Gold News

Record Prices Spur Gold Bar Smuggling Out of China, Negative Real Rates 'Boost Silver' as UK Pound Sinks Again

GOLD BARS traded in London's wholesale bullion market fell and then rose back to $1935 per ounce Wednesday lunchtime, standing unchanged for the week so far as Western stock markets stemmed the steep plunge of the last 4 sessions.
 
With the EuroStoxx 600 rallying 0.9%, the Nasdaq 100 index of US-listed tech stocks headed for a 1.5% rise at today's opening in New York, trimming its plunge of 1/10th from last Wednesday's new all-time high.
 
Relative to gold – against which the index peaked at more than 15 ounces at the top of the DotCom Bubble in March 2000 – the Nasdaq has now gone sideways since the middle of 2018, despite rising by more than one-half in cash terms.
 
Chart of Nasdaq 100 tech-stock index priced in ounces of gold.

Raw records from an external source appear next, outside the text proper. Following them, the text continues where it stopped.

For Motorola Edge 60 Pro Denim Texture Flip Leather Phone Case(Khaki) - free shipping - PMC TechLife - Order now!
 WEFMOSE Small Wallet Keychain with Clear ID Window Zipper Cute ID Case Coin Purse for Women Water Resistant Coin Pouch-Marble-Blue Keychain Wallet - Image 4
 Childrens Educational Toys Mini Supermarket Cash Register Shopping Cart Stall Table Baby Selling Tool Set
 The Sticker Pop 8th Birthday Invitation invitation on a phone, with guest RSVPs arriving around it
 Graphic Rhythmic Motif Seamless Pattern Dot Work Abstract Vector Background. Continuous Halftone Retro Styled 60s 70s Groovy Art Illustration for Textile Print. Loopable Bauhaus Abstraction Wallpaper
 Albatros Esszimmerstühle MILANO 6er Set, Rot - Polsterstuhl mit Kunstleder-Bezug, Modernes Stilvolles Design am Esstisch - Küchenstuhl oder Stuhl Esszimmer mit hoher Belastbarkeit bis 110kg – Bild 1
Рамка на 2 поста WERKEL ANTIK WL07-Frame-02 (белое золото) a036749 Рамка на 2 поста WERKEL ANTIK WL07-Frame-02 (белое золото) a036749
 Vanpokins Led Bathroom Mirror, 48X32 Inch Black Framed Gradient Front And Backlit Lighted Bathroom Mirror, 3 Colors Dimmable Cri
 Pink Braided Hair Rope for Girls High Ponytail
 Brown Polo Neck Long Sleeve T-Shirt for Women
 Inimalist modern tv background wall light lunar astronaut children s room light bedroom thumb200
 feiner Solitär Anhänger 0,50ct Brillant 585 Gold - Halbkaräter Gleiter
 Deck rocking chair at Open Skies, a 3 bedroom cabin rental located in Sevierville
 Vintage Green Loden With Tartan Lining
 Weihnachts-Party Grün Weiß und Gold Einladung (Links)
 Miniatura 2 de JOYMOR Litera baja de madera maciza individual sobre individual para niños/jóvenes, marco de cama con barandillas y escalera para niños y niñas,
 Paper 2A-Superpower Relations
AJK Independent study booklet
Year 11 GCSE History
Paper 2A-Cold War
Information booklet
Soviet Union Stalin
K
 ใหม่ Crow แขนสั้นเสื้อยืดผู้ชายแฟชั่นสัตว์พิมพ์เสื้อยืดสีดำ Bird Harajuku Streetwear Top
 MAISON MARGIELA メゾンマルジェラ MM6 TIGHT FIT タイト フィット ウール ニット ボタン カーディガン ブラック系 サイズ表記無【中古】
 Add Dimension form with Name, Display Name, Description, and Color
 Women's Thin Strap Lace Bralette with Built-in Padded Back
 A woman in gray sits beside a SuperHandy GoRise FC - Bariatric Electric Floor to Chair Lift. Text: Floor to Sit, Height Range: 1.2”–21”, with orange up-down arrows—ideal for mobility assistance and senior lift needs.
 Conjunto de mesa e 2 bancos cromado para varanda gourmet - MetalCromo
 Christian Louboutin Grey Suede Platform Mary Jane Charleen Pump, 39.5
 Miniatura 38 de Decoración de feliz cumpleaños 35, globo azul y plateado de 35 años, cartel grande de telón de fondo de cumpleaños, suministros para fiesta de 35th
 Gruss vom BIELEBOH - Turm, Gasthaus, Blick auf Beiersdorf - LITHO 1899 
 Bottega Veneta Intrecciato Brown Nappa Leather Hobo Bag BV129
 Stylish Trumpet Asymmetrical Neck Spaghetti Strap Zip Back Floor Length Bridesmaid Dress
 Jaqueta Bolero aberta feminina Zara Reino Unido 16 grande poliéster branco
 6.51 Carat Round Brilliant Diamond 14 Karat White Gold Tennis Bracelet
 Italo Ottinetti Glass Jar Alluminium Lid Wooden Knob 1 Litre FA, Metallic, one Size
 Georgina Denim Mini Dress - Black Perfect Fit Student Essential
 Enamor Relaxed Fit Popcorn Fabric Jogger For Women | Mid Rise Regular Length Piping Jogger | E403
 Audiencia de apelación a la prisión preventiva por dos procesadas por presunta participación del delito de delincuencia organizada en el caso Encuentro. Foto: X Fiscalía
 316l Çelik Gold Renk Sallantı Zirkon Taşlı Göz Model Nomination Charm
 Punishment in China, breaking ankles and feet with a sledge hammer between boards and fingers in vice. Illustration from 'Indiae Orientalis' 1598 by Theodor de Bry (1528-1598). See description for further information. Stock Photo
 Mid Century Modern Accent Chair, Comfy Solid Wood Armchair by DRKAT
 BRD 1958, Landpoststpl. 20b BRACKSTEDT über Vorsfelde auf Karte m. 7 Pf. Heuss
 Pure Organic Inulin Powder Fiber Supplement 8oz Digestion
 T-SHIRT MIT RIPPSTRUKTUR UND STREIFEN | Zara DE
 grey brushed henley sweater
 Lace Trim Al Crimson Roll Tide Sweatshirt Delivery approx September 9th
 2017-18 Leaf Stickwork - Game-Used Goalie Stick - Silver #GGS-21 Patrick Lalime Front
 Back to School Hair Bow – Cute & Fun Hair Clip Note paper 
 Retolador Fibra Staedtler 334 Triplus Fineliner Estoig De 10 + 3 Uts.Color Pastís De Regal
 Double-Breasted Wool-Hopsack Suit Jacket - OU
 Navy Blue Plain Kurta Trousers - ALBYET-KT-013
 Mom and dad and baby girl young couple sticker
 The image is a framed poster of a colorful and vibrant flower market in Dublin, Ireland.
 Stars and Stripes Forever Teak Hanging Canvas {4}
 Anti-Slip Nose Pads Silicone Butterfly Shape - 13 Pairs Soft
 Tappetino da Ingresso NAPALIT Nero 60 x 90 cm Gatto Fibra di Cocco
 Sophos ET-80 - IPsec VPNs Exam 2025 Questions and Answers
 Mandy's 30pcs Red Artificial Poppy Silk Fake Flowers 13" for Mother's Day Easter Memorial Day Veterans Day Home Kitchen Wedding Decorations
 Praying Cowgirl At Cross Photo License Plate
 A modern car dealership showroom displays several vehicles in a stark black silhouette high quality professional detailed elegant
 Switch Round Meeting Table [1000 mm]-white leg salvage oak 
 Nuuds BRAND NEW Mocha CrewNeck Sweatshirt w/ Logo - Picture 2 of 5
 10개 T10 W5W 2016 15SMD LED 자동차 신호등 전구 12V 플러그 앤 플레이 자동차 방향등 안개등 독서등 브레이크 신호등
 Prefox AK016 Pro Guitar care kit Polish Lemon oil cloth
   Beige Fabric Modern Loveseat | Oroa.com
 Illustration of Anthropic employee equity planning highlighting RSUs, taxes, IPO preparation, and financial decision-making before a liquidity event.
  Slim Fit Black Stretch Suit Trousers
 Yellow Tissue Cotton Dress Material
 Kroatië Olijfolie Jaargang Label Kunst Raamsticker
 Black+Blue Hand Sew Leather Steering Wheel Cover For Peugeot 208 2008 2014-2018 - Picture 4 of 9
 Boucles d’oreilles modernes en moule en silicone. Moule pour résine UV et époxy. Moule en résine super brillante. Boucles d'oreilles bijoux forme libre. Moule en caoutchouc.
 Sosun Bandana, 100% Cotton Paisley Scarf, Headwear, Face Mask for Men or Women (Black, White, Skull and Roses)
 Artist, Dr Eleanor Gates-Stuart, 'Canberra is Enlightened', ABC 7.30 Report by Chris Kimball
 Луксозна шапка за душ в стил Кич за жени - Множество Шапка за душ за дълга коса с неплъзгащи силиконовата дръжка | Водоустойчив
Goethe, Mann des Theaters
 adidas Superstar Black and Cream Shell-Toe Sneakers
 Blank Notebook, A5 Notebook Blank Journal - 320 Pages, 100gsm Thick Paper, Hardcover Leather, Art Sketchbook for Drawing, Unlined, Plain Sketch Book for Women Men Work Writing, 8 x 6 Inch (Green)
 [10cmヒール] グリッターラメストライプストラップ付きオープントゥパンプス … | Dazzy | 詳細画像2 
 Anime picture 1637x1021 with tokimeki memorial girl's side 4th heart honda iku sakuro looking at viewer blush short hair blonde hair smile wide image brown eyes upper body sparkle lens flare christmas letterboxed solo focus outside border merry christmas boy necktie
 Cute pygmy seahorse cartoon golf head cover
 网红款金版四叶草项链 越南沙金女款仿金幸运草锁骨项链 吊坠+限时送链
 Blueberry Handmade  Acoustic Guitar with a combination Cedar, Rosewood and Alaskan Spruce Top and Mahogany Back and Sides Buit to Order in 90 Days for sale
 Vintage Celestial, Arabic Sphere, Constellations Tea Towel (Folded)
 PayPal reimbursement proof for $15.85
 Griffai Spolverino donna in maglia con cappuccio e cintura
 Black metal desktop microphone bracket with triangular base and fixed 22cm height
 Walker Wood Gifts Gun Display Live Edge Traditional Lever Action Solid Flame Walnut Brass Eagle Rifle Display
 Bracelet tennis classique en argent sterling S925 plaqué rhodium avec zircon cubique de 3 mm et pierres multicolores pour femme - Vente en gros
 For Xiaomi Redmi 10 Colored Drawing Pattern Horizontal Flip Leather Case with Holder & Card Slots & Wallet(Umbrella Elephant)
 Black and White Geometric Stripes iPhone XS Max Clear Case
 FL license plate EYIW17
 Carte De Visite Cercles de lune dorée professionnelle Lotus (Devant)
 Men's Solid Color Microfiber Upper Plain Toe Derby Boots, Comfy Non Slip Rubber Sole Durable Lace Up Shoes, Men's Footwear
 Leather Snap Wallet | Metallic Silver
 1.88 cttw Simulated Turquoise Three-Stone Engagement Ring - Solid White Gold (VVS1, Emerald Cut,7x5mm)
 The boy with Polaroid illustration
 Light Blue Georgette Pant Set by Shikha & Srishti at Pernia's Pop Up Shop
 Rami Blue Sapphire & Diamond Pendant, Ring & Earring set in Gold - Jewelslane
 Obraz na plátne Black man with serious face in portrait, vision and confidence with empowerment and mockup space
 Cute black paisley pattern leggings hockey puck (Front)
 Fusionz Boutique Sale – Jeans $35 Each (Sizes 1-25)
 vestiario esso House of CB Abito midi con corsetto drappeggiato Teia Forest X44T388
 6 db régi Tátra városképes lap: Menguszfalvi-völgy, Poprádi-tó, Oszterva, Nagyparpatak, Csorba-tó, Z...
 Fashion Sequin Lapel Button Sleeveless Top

Source: St.Louis Fed
 
Gold prices in China today fell to trade $51 per ounce below London quotes, suggesting weak demand versus supply in the metal's No.1 mining, importing and household consumer nation – from where it is illegal to export gold bullion bars.
 
"There is a difference in gold prices [between] Hong Kong and mainland China," the South China Morning Post today quotes a police officer in the city, blaming this 10-20% gap for an attempt to smuggle 20 one-kilogram gold bars – worth around US$1m – into the formerly 'autonomous' region of the Communist dictatorship.
 
2020's record-high gold prices have also spurred a fresh surge in illegal 'zama zama' mining in South Africa – the metal's former No.1 producer nation – extending the trend for artisanal, small-scale mining (ASM) to grow while larger, legal output flat-lines worldwide.
 
"The [official] mining sector over many years has shrunk quite a lot in South Africa," says James Wellsted of Sibanye Stillwater (JSE: SSW), South Africa's largest legal producer.
 
"That's meant there are a lot of ex-miners who now don't have jobs, and some of them resort to illegal mining. And it is a very big challenge for the mining industry and the country as a whole."
 
"Whilst we continue to see the long-term trend higher," says a trading strategy note from Swiss bank Credit Suisse, "reinforced by falling US real yields and a falling US Dollar, our immediate bias remains for further consolidation above a cluster of supports at $1887/37.
 
"Should weakness extend, we would see scope for a deeper setback to $1765, potentially $1726."
 
Adjusted by market expectations for inflation, the real yield offered by 10-year US Treasury bonds today fell back through -1.00%, a record negative real rate on current data when first breached on the way down in late July, just as gold prices broke new all-time highs.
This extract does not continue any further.